### [What the task asks]
Exact copy without images: repeat every entry as written.

--- Data records ---

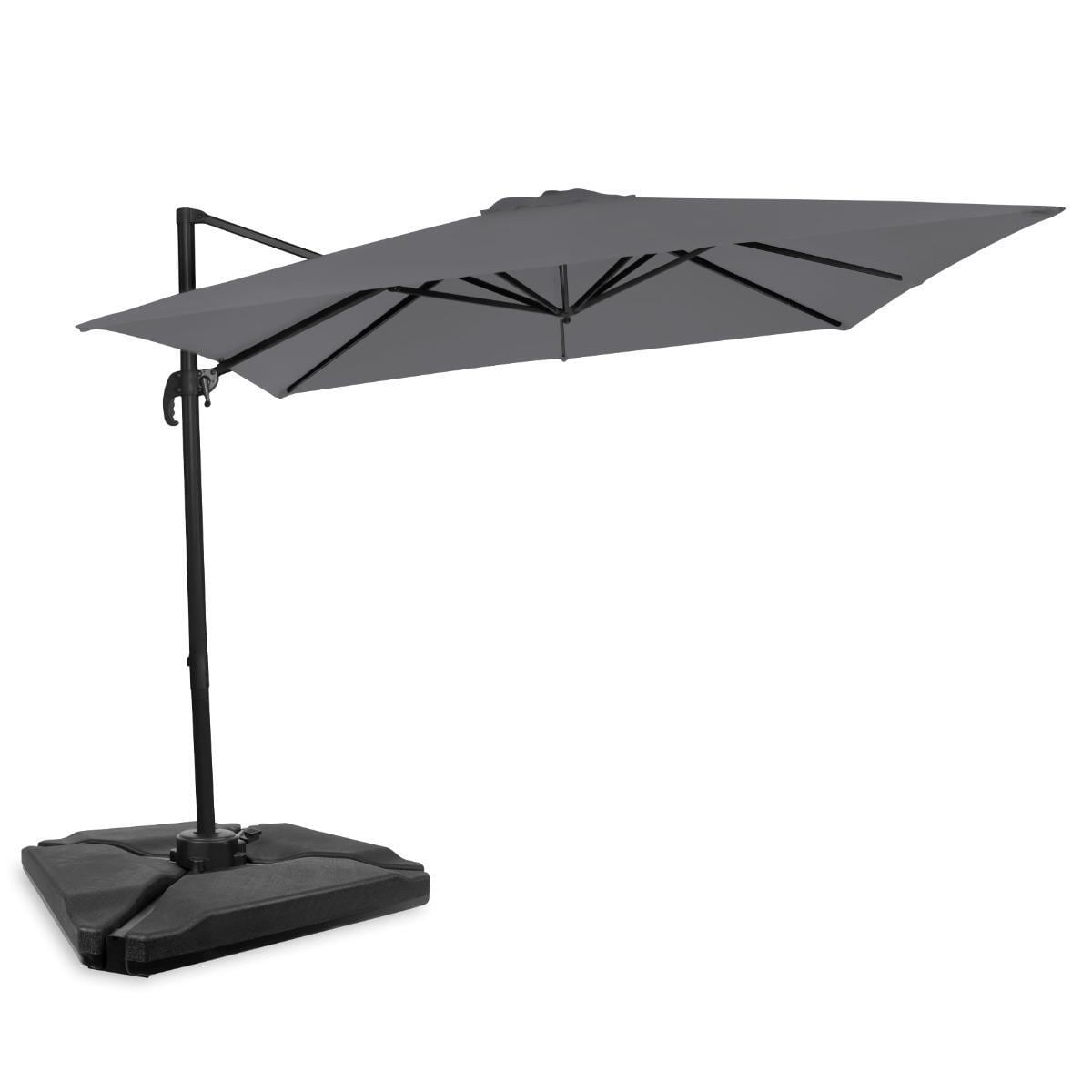 VONROC Parasoll Pisogne 300x300cm – Premium parasoll - Grå |Inkl. 4st  Parasollplattor - Elgiganten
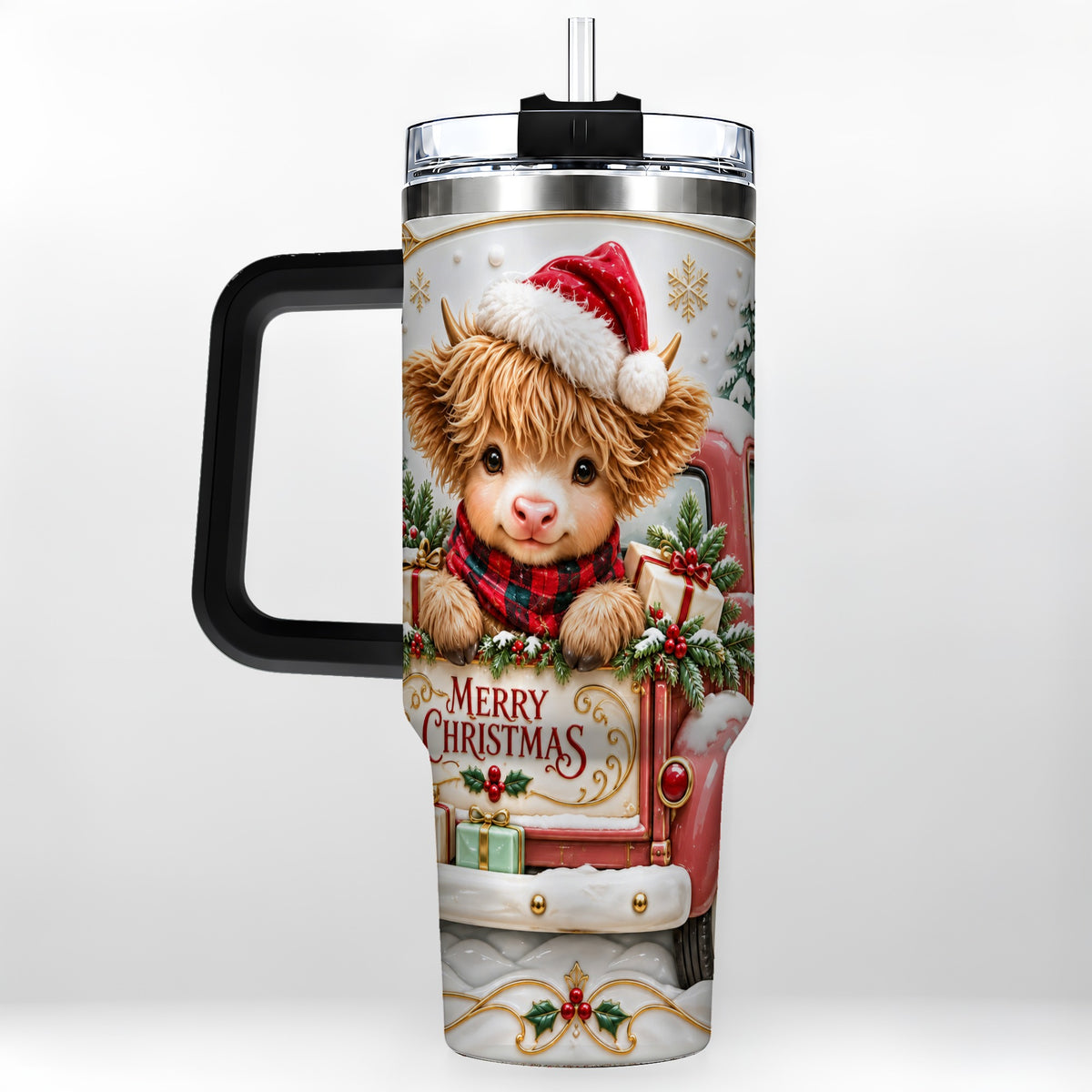 #pl[40oz|Black] Christmas Cow 40oz Tumbler with Handle, Holiday Truck Stainless Steel Cup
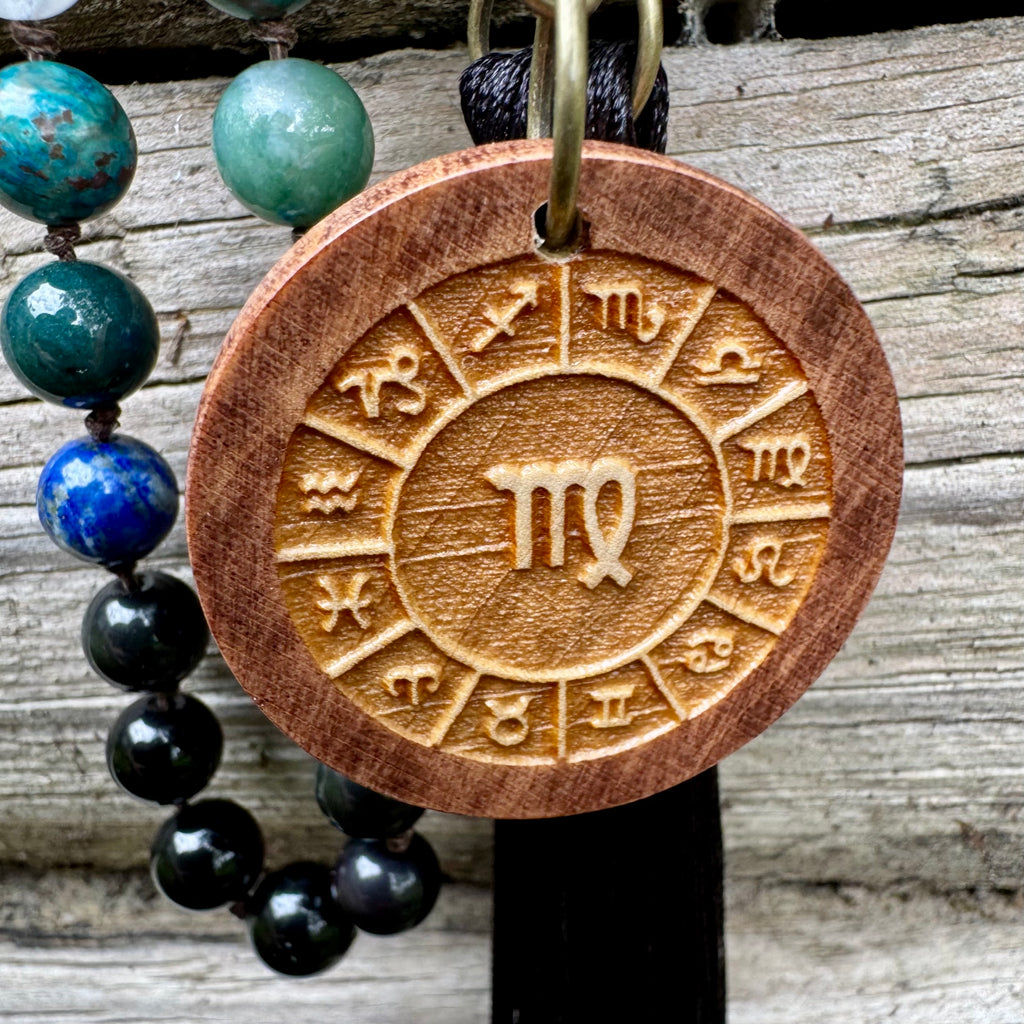 The Humble Virgo • Chrysocolla, Lapis, Moss Agate & Moonstone Virgo Mala Necklace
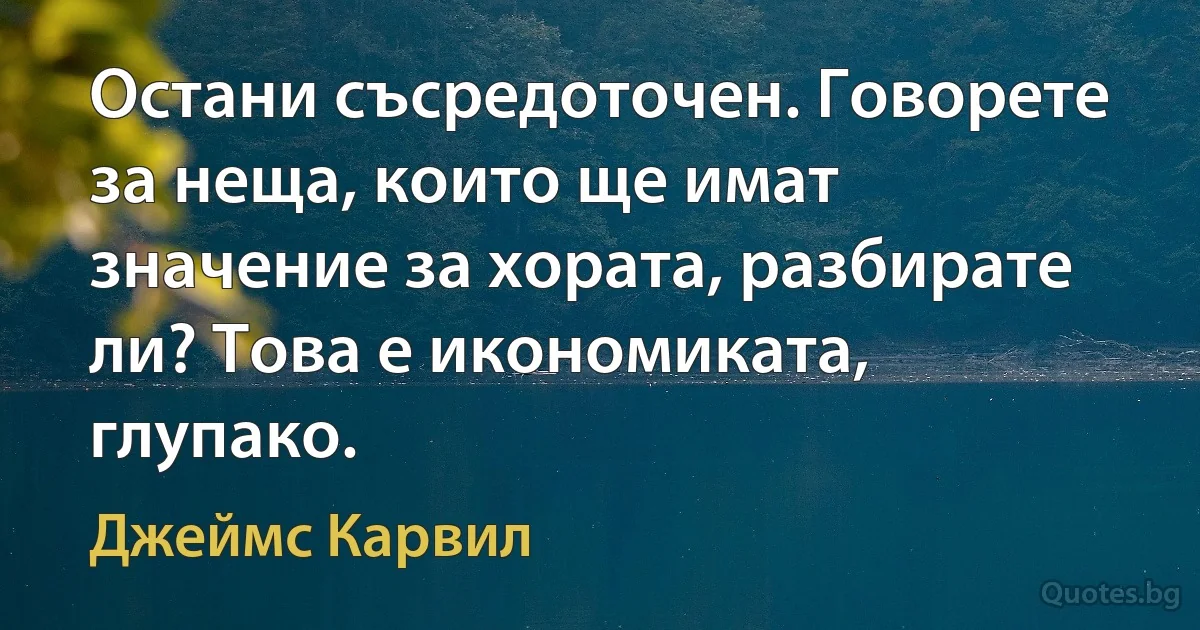 Остани съсредоточен. Говорете за неща, които ще имат значение за хората, разбирате ли? Това е икономиката, глупако. (Джеймс Карвил)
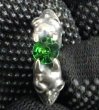 Photo18: Green Garnet Quarter Devil Skull Triangle Wire Bangle Ring (18)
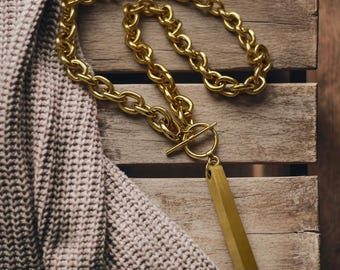 Chunky Gold Bar Chain Necklace, Minimal T-Bar Necklace, Elegant Jewelry Gift for Her, Modern Statement Chain, Christmas Gift Idea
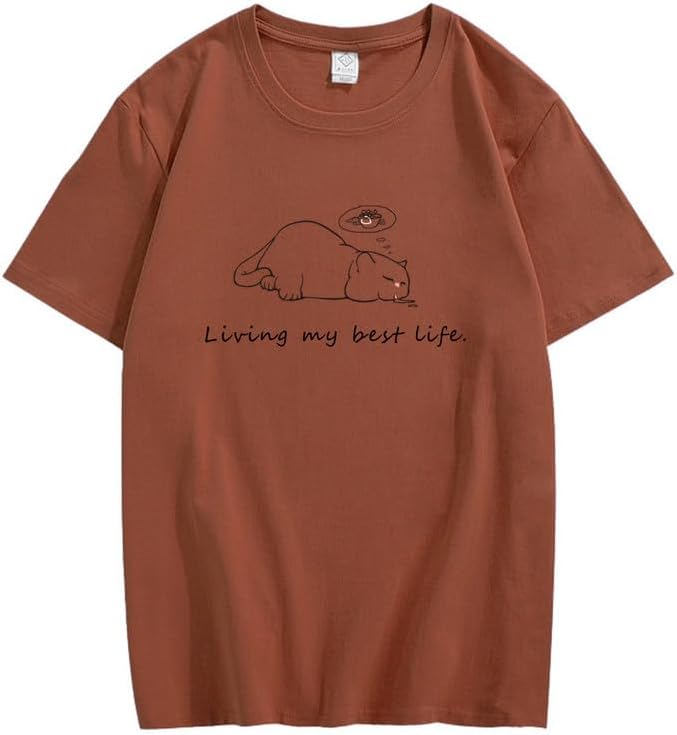 CORIRESHA Camisetas unisex con cuello redondo y manga corta con letras lindas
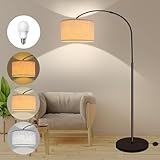Yicenscoltd Bogenlampe Stehlampe Wohnzimme mit 3 Farbtemperaturen, 12W E27 Glühbirne geliefert, Leinen Lampenschirm, Fußschalter, LED Stehlampe Dimmbar Geeignet für Schlafzimmer, Lesen, Büro usw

---

### [Reply to the exercise]
 VONROC Parasoll Pisogne 300x300cm – Premium parasoll - Grå |Inkl. 4st  Parasollplattor - Elgiganten
 #pl[40oz|Black] Christmas Cow 40oz Tumbler with Handle, Holiday Truck Stainless Steel Cup
 The Humble Virgo • Chrysocolla, Lapis, Moss Agate & Moonstone Virgo Mala Necklace
 Остани съсредоточен. Говорете за неща, които ще имат значение за хората, разбирате ли? Това е икономиката, глупако. (Джеймс Карвил)
 Photo18: Green Garnet Quarter Devil Skull Triangle Wire Bangle Ring (18)
 Chunky Gold Bar Chain Necklace, Minimal T-Bar Necklace, Elegant Jewelry Gift for Her, Modern Statement Chain, Christmas Gift Idea
 CORIRESHA Camisetas unisex con cuello redondo y manga corta con letras lindas
Yicenscoltd Bogenlampe Stehlampe Wohnzimme mit 3 Farbtemperaturen, 12W E27 Glühbirne geliefert, Leinen Lampenschirm, Fußschalter, LED Stehlampe Dimmbar Geeignet für Schlafzimmer, Lesen, Büro usw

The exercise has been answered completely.